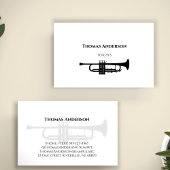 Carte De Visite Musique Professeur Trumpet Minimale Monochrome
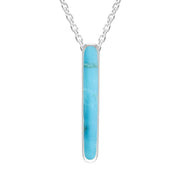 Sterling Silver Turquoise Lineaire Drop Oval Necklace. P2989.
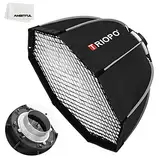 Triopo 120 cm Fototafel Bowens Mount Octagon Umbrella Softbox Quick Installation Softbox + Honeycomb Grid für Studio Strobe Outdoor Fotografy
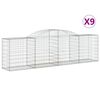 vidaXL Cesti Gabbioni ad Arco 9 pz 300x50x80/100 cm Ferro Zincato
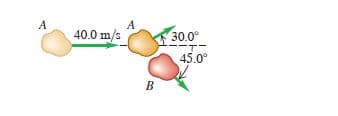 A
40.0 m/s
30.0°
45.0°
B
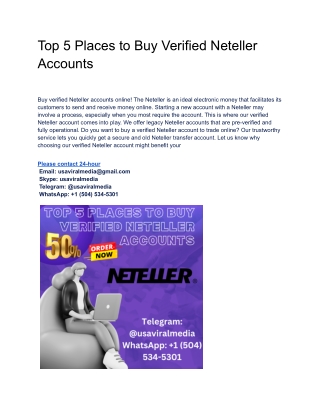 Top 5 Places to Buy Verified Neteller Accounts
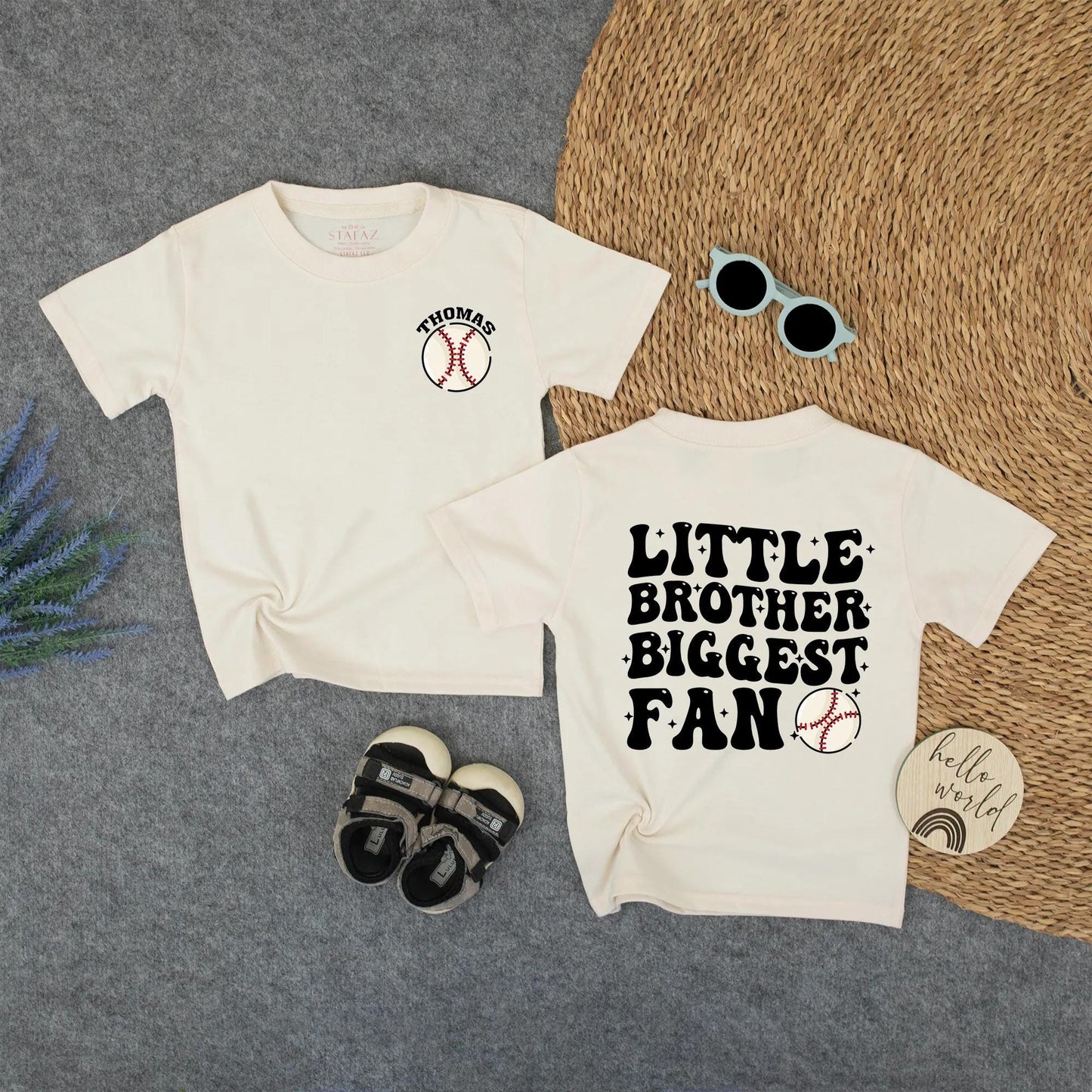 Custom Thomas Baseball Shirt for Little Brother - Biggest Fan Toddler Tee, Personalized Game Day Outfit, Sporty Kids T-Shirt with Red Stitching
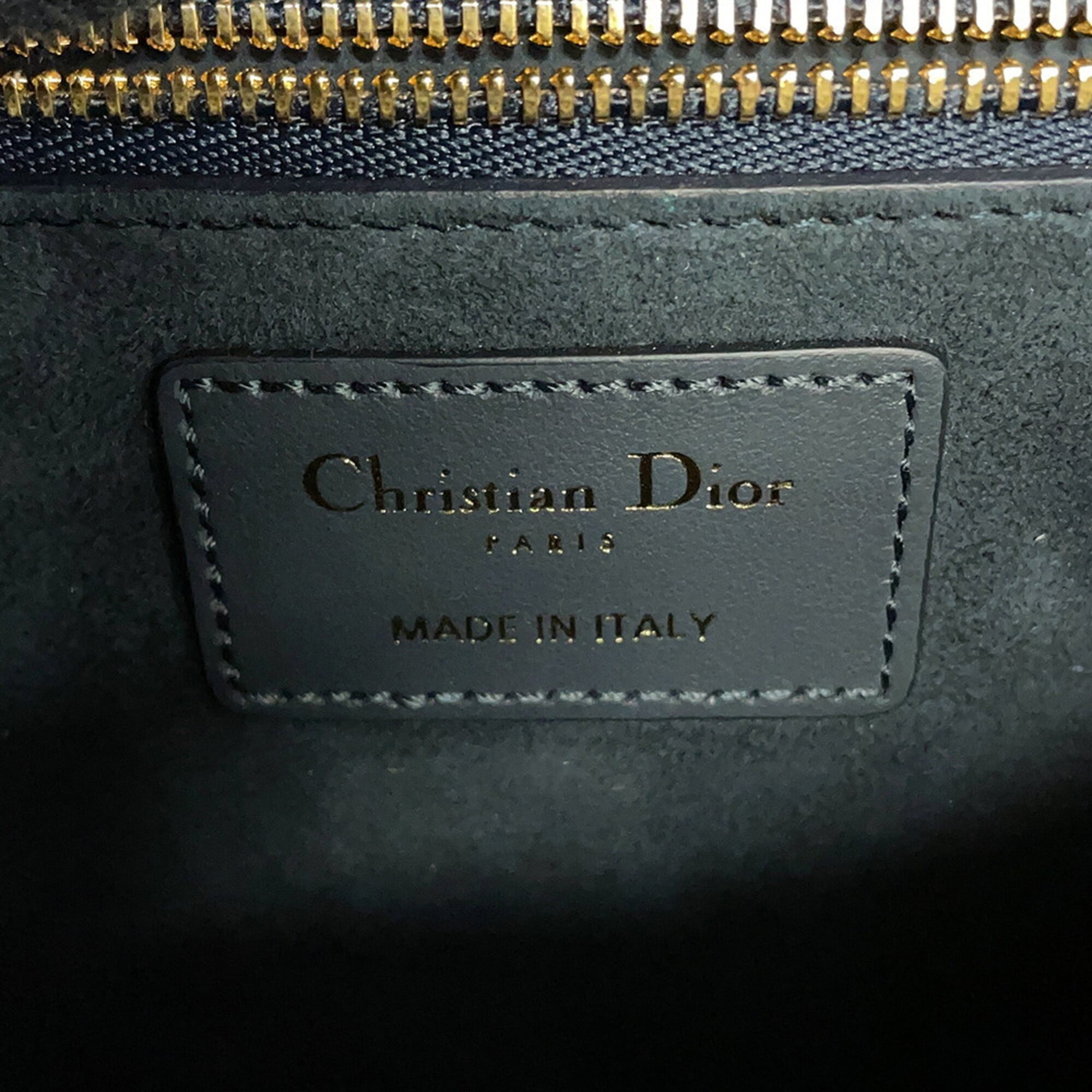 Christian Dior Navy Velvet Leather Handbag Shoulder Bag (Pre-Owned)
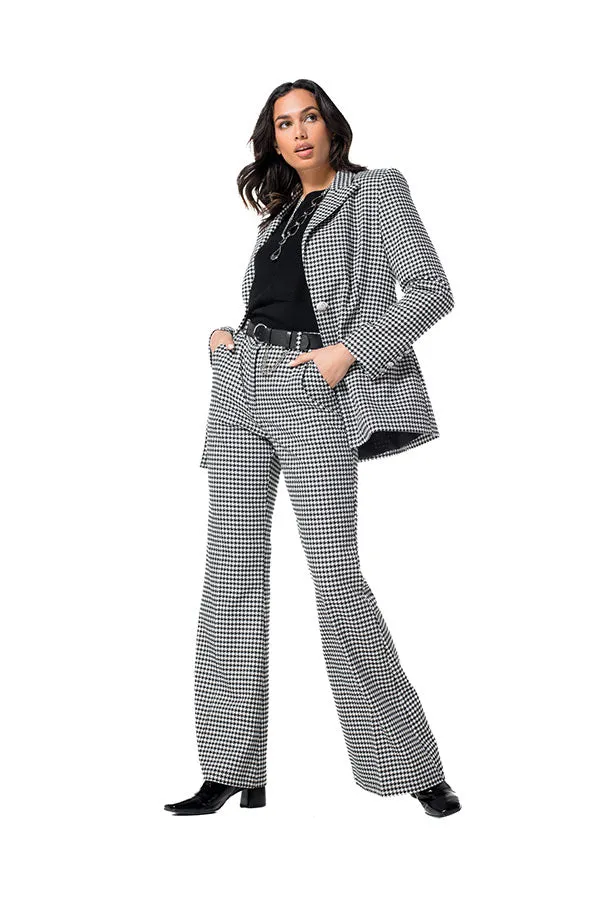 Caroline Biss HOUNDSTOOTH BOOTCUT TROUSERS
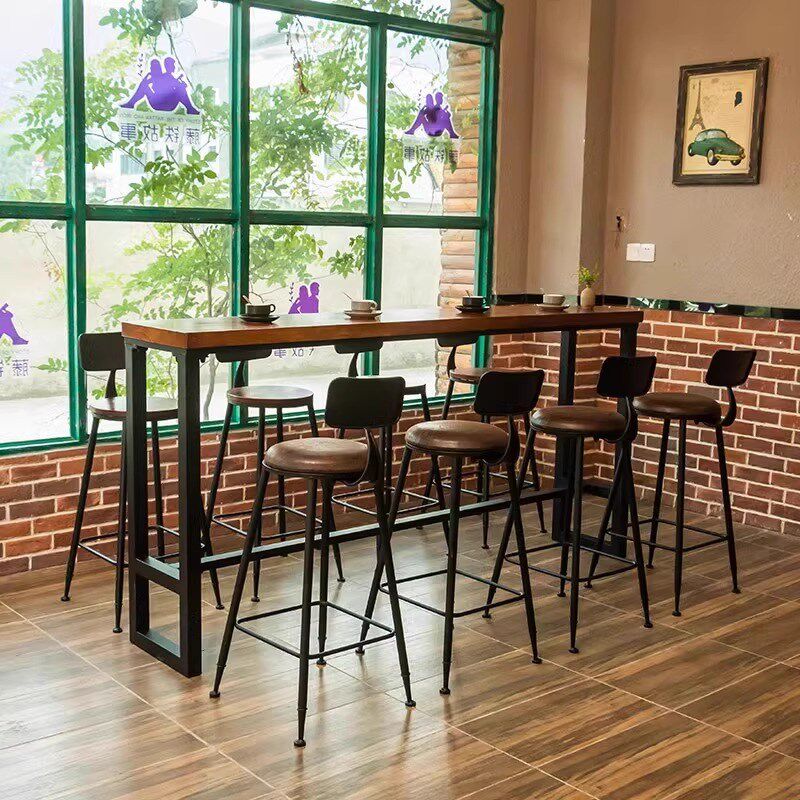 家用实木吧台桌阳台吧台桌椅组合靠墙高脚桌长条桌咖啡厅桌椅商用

--

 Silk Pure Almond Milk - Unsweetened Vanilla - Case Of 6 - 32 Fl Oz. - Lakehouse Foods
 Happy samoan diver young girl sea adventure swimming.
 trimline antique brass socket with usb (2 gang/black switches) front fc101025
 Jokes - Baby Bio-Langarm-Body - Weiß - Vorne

*WORK INSTRUCTIONS*
Using the entries above, repeat exactly the lines from the one with "Carte De Visite" to the one with "Custom Thomas Baseball", both included, and leave the pictures behind.

*EXERCISE ANSWER*
 Carte De Visite Musique Professeur Trumpet Minimale Monochrome
 Sterling Silver Turquoise Lineaire Drop Oval Necklace. P2989.
 Triopo 120 cm Fototafel Bowens Mount Octagon Umbrella Softbox Quick Installation Softbox + Honeycomb Grid für Studio Strobe Outdoor Fotografy
 vidaXL Cesti Gabbioni ad Arco 9 pz 300x50x80/100 cm Ferro Zincato
 A
40.0 m/s
30.0°
45.0°
B
 Top 5 Places to Buy Verified Neteller Accounts
 Custom Thomas Baseball Shirt for Little Brother - Biggest Fan Toddler Tee, Personalized Game Day Outfit, Sporty Kids T-Shirt with Red Stitching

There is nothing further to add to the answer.